Дамаский

Дамаский. О первых Началах

Действительно, единое либо познаваемо и изреченно, либо непозна­ваемо и неизреченно, либо в каком-то отношении таково, а в каком-то — иное, ибо высказаться относительно него можно было бы, пожа­луй, лишь при посредстве отрицаний, для утверждения же оно неизреченно. Далее, в свою очередь, для знания в его простоте оно, пожалуй, будет познаваемым или предполагаемым, а для сложности — всецело непознаваемым; потому-то даже и в отрицании оно непостижимо. И вообще — в каком смысле оно почитается единым, в таком каким-то об­разом и соответствует тому, относительно чего делаются какие-то иные предположения. Ведь оно является вершиной того, что существует по человеческим установлениям; тем не менее прежде всего в нем присутствуют неизреченность, непознаваемость, несопоставимость и непредположимость,— но наряду с проявлениями противоположных качеств; при этом первые лучше вторых: то, что свободно от противоположного и не смешано с ним, всегда предшествует смешанному. В самом деле, лучшее находится в едином или как наличное бытие,— но как будет там одновременно присутствовать и противоположное? — или как со­причастность, и, значит, оно прибывает с другой стороны — от соот­ветствующего первого. Следовательно, прежде единого имеется по­просту и всецело неизреченное, непредположимое, несопоставимое и
никоим способом не мыслимое; к нему-то и устремлен самый путь восхождения рассуждения через наиочевиднейшее, не оставивший в сторо­
не ничего как промежуточного, так и последнего среди всего.
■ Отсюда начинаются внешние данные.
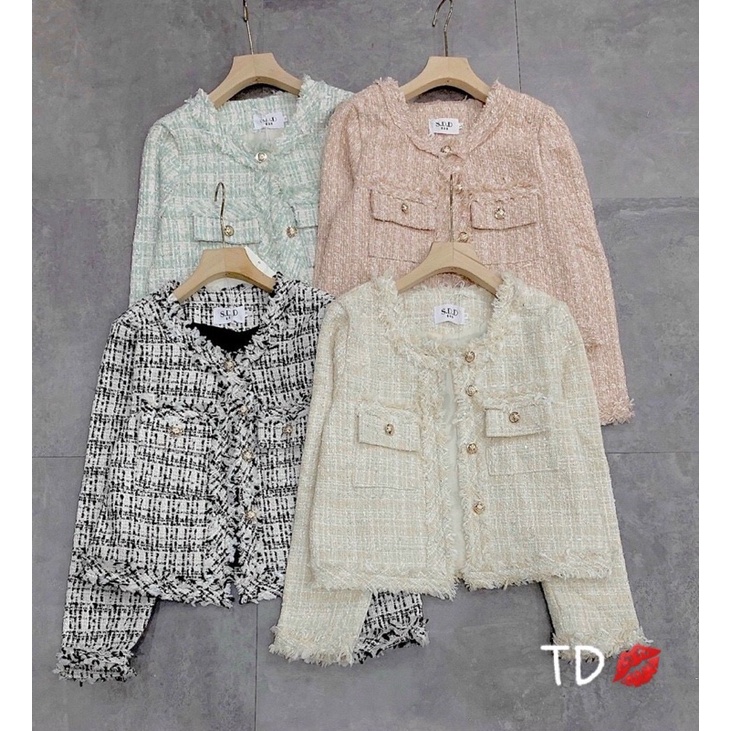 Áo khoác dạ tweed túi ngực sz ml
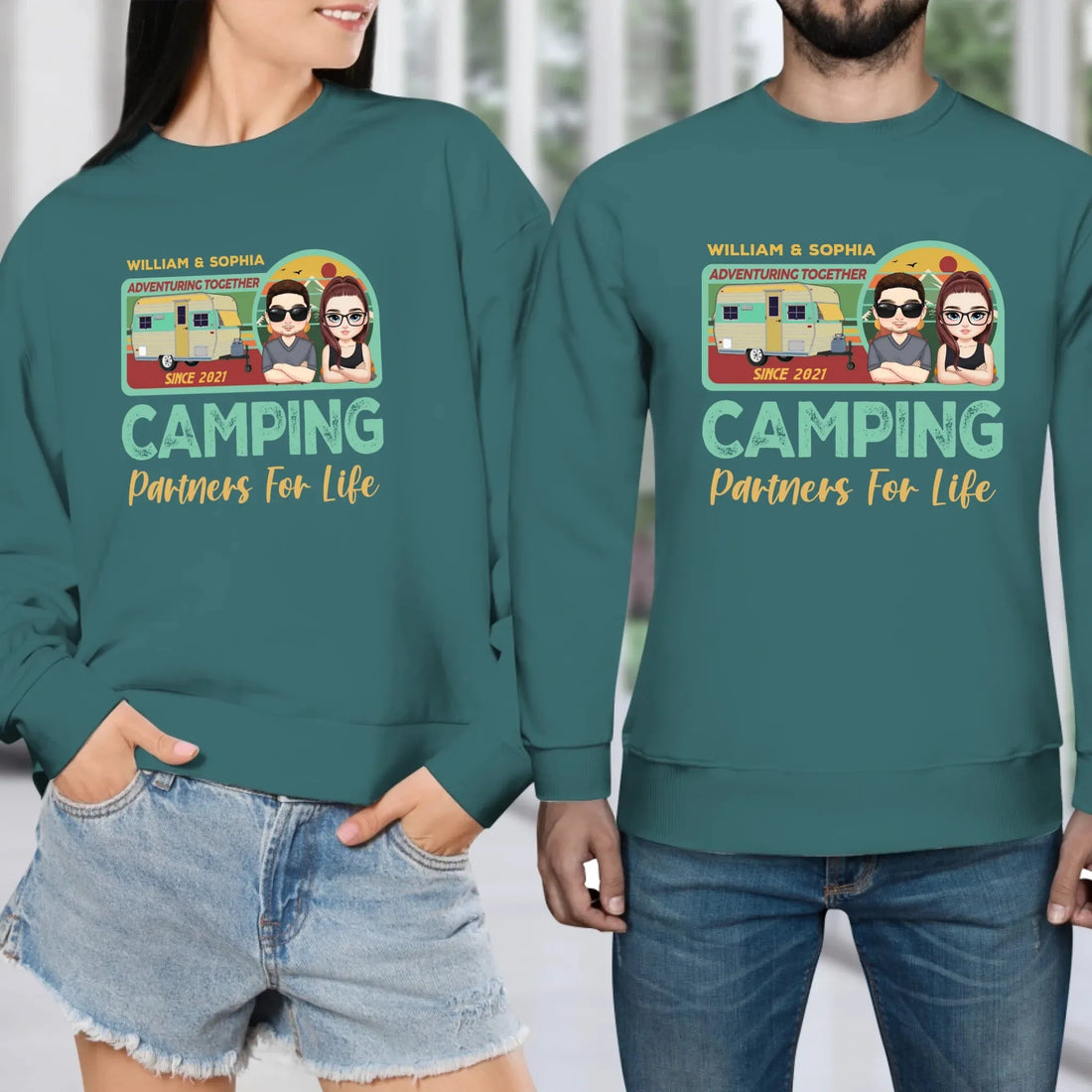 Husband And Wife Cruising Partners For Life Retro - Personalized Gifts For Couples - Unisex Sweater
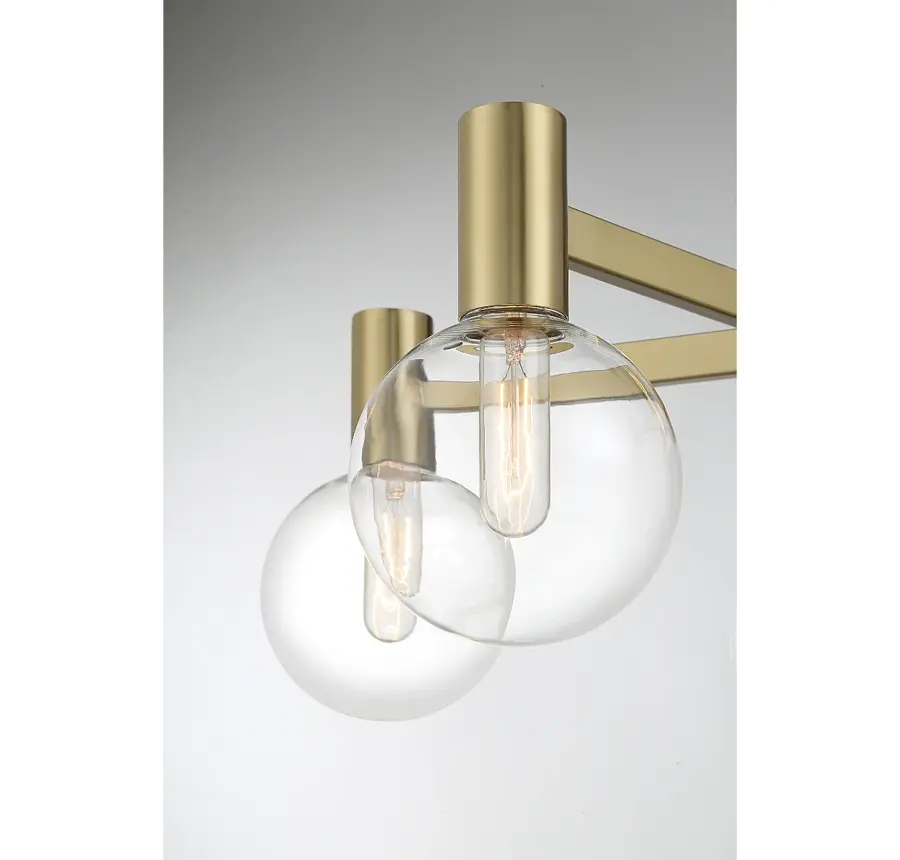 Wright Five Light Chandelier in Warm Brass - Image 6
Дамаский. Комментарий к "Пармениду" Платона

Если бы кто–нибудь высказал недоумение по вопросу о том, почему ум при посредстве души производит на свет ум, допускающий участие в себе, саму душу и связанное с ней тело ― как бы три вместилища, а божественность порождающего ума [вовсе не] приводит к возникновению трех божественностей ― принадлежащих уму и душе и собственной для тела; кроме того, если бы он удивился тому, почему, когда речь идет о телесной, единая генада предстоит двум или даже трем вместилищам и почему, когда речь идет о душевной, она связана и с умом и с телом, а когда о природной ― с душой и умом; далее, если бы он счел, что в сущности зависящее оказывается тем же самым, что в сверхсущностном то, от чего оно зависит, а, стало быть, если оно тройственно, то тройственно и сверхсущностное,― так вот, если бы кто–нибудь испытывал трудности во всех этих вопросах, то пусть он, во–первых, припомнил бы то, что было мною уже сказано: что соприкосновение с единым является прежде всего делом ума, а душа и тело, так же как и становление вообще, будучи как бы убогой нищетой, стоят в преддверии богатства. Они издале ка и опосредованно вкушают нечто от генады.